### Task objective
Everything in the listing should be transcribed exactly, apart from the pictures.

### Given data
###
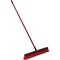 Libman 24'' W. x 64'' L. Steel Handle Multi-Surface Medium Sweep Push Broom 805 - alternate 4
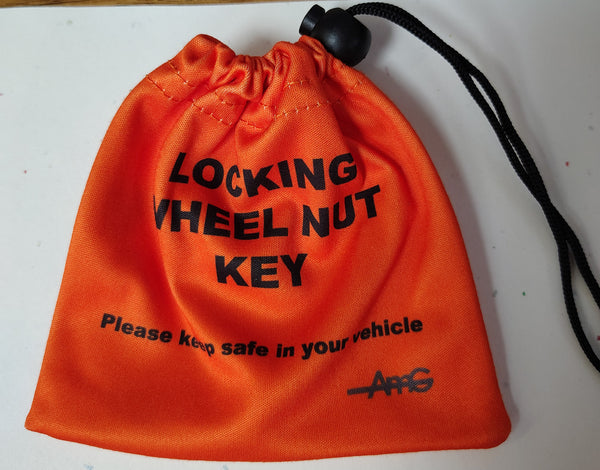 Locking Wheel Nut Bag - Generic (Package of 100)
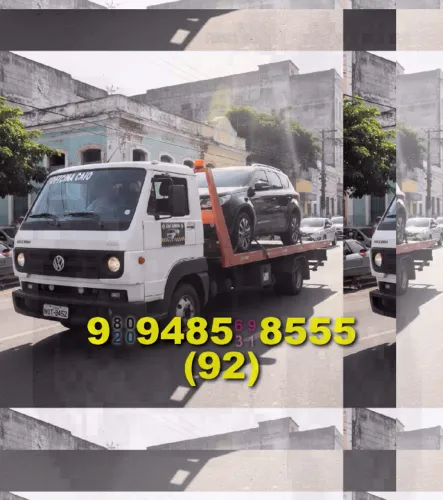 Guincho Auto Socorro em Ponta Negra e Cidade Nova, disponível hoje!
###
### Response
 Libman 24'' W. x 64'' L. Steel Handle Multi-Surface Medium Sweep Push Broom 805 - alternate 4
 Locking Wheel Nut Bag - Generic (Package of 100)
 Guincho Auto Socorro em Ponta Negra e Cidade Nova, disponível hoje!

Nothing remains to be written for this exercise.